In 2005, just before the Great Recession, the number of Millennials living with their parents or a family member was at approximately 33%. Today it’s at 40%, which is the largest percentage since 1940, when the number stood at a record 40.9%; the year after the Great Depression ended. (Source: “Percentage of Young Americans Living With Parents Rises to 75-Year High,” The Wall Street Journal, December 21, 2016.)
For comparison’s sake, the number of young Americans living with their parents hit a low of 24.1% in 1960. During the halcyon days of Ronald Reagan, George H. W. Bush, and Bill Clinton, the rate was around 31% and 33%.
Historically, when the U.S. economy comes out of a recession, the number of young Americans living at home declines in step with an improving economy. Not so this time. Today’s young Americans are saddled with record levels of student loan debt, barely-there wage growth, and high unemployment and underemployment. It doesn’t help that the (on-paper) improving U.S. economy has also led to higher rents.
Millennials Being Forced to Live at Home Hurts the U.S. Economy
Despite the so-called economic recovery, tight credit, high underemployment, and record levels of student loan debt is hurting the U.S. economy.
Since 2006, the number of American adults under 30 has grown by five million. Over the same period, the number of households for that age group increased by just over 200,000. Add it up, and you’ve got fewer young Americans buying their first house or condo, thus fewer buying appliances and furniture or doing renovations and repairs.
In addition to putting off buying a home, younger Americans are also choosing to get married and have children much later than people did in previous generations.
And the timing couldn’t be worse; the millennial generation is the largest in U.S. history, and it is expected to be the main driver of U.S. economic growth over the next few decades.

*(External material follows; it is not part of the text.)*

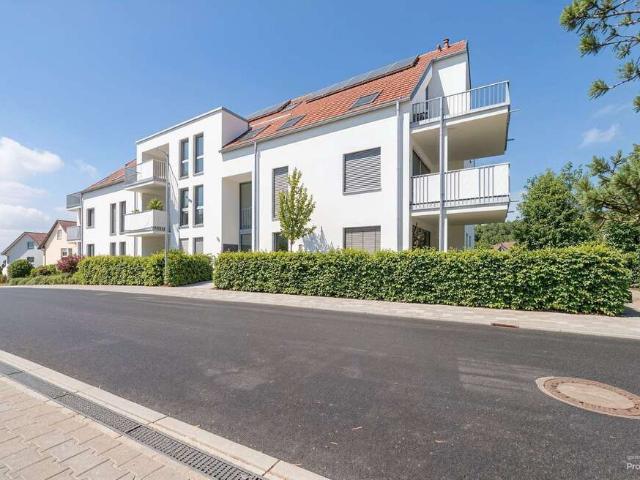 Wohnung zum Kaufen in Überlingen 579.000,00 EUR 86.25 m²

On the surface, it might not appear that the number of young Americans living at home will have that much of an impact on the U.S. economy. But the housing sector’s combined contribution to gross domestic product (GDP) averages 15%—18%. This doesn’t include purchases that get made when you first buy a home, including new appliances, furniture, dishes, paint, furnishings, lawn equipment, etc.

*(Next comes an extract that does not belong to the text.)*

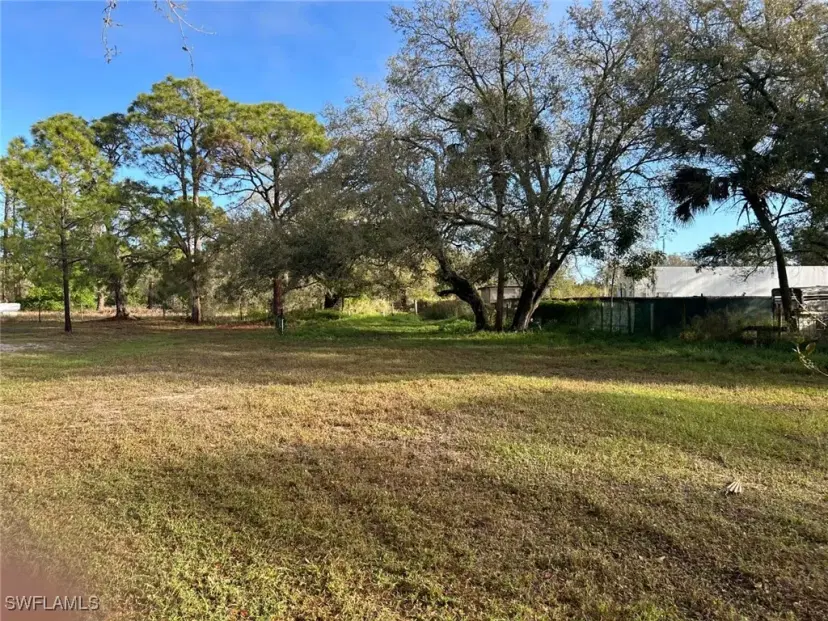 Picture of 225 S Isora St, Clewiston FL 33440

Living at home and paying off debt—instead of a mortgage—hurts the real estate recovery, which is still seven percent below the pre-financial crisis level. And a weak U.S. housing market is, as we have seen, a millstone on U.S. economic growth. In addition to consumer spending, the house-buying young Americans are also responsible for helping create construction jobs and other housing-related jobs.
At the same time, it’s not as if young Americans should take on massive amounts of debt and financial risks they cannot afford simply to keep the economy chugging along. Moving out on your own and failing to live within your means could result in financial ruin and, subsequently, moving back into your parents’ house and living with younger siblings.
The only way that young Americans can move out of their parents’ homes and start their lives on their own is if the economy is growing and they can find secure, well-paying jobs. The previous administration was unable to achieve this. Time will tell if Donald Trump can.